Introduction
Unit testing is a technique for testing individual components (also referred to as “units”) of a program, such as methods or classes, independently from each other. Unit testing can identify bugs at an early stage, which means they can be fixed faster and cheaper. A proper unit test suite also acts as a safety net, allowing developers to evolve existing functionality and add new ones without fear of introducing regressions.
In software testing, code coverage is a metric that measures the extent to which the source code is executed during testing. In the context of unit testing, it indicates how many lines, branches, or paths in the codebase are covered by unit tests. Higher code coverage is generally better as it reduces the likelihood of untested, error-prone code. However, aiming for 100 percent coverage can lead to diminishing returns, encouraging superficial tests that do little to improve quality.
This article provides an overview of unit testing tools and practices and explains how to introduce and track code coverage effectively.
Unit Testing Tools
Unit testing always relies on tools, primarily “unit testing frameworks.” They enable developers to focus on writing effective tests in a structured manner rather than handling the intricacies of test execution and result analysis.
Most unit testing frameworks share several core features:
- A structure for defining and organizing test cases in files or classes
- Assertion functions that compare expected and actual test results, which determine whether a test passes or fails
- Setup and teardown methods for initializing and cleaning up test environments before and after running tests
- An environment to run unit tests and obtain their results
- Test-report generation
Here are some unit test frameworks that are commonly used with the world’s most popular programming languages:
- JavaScript/TypeScript: Jest, Mocha, Jasmine
- Python: unittest, pytest
- Java: JUnit, TestNG
- C#: xUnit.net, NUnit
- C++: GoogleTest, Catch2
- PHP: PHPUnit
- Go: Testify
- Rust: cargo test
- Ruby: RSpec, minitest
Code Coverage Tools
In addition to writing and running test cases, you may want to measure how much of your production code is covered by tests. This is where code coverage tools come in.
Some unit testing frameworks measure code coverage out of the box, while others depend on plugins or third-party tools. For example, Jest has built-in support for code coverage, enabled by running tests with the --coverage
flag. In pytest, you can add code coverage using the pytest-cov plugin. JUnit does not include built-in code coverage tools; instead, Java developers often use it alongside the JaCoCo code coverage library.
Apart from tools that collect code coverage metrics and generate basic reports, there are tools that ingest these reports in order to visualize them and help your team monitor code coverage over time. For example, SonarQube, a code-quality analysis platform, can show code coverage as part of its multiple metrics.
SonarQube collects coverage reports from various tools for languages like Java, JavaScript/TypeScript, .NET, Python, PHP, or C/C++. Once these reports are imported, they are combined with other code-quality metrics, such as code smells and maintainability issues, to provide a comprehensive view of your codebase health.

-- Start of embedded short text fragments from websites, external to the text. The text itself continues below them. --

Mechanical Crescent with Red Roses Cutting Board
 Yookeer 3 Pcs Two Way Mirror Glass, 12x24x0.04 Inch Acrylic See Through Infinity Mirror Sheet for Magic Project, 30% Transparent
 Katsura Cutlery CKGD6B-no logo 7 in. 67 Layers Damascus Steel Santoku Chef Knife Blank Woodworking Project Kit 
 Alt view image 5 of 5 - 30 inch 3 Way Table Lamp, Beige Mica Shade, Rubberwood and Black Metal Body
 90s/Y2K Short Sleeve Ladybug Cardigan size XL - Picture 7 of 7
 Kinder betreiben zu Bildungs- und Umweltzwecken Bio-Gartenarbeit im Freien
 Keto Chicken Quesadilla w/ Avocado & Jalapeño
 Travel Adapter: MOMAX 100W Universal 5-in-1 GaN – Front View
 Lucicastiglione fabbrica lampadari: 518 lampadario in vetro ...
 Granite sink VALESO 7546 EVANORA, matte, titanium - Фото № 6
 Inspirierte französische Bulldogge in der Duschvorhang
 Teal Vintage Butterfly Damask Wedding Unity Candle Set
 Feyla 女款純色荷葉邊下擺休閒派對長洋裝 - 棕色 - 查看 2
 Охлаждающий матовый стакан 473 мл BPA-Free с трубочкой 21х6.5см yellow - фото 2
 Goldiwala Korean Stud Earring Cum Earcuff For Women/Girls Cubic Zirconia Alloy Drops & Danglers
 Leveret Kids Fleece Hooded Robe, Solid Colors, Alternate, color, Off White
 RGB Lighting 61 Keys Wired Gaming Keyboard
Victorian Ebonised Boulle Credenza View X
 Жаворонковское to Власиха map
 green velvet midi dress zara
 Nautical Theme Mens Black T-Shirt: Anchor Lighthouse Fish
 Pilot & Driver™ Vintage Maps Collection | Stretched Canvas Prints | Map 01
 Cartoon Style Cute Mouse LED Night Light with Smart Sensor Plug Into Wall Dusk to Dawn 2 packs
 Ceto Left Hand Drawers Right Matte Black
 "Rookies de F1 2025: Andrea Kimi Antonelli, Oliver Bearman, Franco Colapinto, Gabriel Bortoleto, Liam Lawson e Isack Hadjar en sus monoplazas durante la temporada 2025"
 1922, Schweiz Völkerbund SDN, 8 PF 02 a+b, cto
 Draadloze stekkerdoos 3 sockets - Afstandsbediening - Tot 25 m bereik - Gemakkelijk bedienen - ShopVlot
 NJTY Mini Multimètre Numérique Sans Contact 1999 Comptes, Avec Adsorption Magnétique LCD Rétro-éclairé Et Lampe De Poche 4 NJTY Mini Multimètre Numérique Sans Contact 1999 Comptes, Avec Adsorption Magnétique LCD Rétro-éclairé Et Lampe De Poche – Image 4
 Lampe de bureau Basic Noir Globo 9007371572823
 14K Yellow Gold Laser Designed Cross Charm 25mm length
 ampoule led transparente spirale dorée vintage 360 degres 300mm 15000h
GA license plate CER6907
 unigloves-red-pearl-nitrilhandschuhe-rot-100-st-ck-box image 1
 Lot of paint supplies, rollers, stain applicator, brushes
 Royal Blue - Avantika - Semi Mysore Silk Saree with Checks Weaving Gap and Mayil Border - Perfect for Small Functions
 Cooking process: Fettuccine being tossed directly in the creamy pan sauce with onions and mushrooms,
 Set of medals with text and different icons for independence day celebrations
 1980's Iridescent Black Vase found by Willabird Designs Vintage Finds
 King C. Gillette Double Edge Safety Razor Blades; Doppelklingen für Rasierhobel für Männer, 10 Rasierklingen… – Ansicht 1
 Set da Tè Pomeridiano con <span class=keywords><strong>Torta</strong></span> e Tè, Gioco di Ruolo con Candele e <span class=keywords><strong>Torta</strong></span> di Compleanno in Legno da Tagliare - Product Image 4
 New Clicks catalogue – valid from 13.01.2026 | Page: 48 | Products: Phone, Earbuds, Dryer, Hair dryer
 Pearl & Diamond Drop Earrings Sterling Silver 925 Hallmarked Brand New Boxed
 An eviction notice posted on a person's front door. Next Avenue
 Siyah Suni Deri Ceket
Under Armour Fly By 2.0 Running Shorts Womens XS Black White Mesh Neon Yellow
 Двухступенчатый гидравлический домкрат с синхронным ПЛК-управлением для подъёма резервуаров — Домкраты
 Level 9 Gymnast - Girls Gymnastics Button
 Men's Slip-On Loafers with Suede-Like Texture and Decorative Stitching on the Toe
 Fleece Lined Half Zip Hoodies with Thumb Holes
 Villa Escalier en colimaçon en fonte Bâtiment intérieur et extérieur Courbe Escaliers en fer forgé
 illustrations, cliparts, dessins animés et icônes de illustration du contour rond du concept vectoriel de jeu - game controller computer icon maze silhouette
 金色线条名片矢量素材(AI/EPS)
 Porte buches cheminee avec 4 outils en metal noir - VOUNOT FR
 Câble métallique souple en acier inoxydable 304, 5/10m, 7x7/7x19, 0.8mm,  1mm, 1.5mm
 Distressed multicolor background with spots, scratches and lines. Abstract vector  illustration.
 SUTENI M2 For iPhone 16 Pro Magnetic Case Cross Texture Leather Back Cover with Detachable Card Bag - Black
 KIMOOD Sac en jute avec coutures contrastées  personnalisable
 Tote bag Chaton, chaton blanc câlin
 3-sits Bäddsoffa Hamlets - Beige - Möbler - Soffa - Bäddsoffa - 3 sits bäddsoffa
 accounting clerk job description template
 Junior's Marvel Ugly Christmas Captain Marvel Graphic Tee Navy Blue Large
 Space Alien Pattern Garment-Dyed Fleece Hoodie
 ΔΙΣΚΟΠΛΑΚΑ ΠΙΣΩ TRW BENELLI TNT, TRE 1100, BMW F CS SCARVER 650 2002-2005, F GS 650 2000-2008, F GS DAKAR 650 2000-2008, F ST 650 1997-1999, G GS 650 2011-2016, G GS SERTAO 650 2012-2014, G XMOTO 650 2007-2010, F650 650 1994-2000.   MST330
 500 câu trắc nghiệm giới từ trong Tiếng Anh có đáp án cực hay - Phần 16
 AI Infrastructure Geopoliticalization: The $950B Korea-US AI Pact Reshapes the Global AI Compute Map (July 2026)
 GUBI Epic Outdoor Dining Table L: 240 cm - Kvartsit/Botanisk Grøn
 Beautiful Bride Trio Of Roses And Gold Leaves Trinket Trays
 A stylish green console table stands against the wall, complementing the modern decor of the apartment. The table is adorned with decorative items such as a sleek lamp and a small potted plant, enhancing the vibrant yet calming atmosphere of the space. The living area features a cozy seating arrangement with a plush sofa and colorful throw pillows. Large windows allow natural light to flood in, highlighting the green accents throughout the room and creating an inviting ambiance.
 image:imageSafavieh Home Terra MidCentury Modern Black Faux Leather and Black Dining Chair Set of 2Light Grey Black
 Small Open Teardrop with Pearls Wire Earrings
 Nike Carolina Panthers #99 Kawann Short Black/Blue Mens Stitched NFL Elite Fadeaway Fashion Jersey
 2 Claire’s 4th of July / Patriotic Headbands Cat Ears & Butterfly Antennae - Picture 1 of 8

From there, you can track coverage trends and configure quality gates to prevent poorly tested code from being introduced.
Writing Effective Unit Tests
Before getting into the details of code coverage, let’s first look at some unit testing best practices. Ensuring your team follows these guidelines will make coverage metrics more meaningful as you scale. If you’re already confident in your unit testing approach, feel free to skip ahead to “What Is Good Code Coverage?”
Well-written unit tests can help catch bugs early, make refactoring safer, and serve as living documentation for your code. Here are some best practices and guidelines for writing effective unit tests.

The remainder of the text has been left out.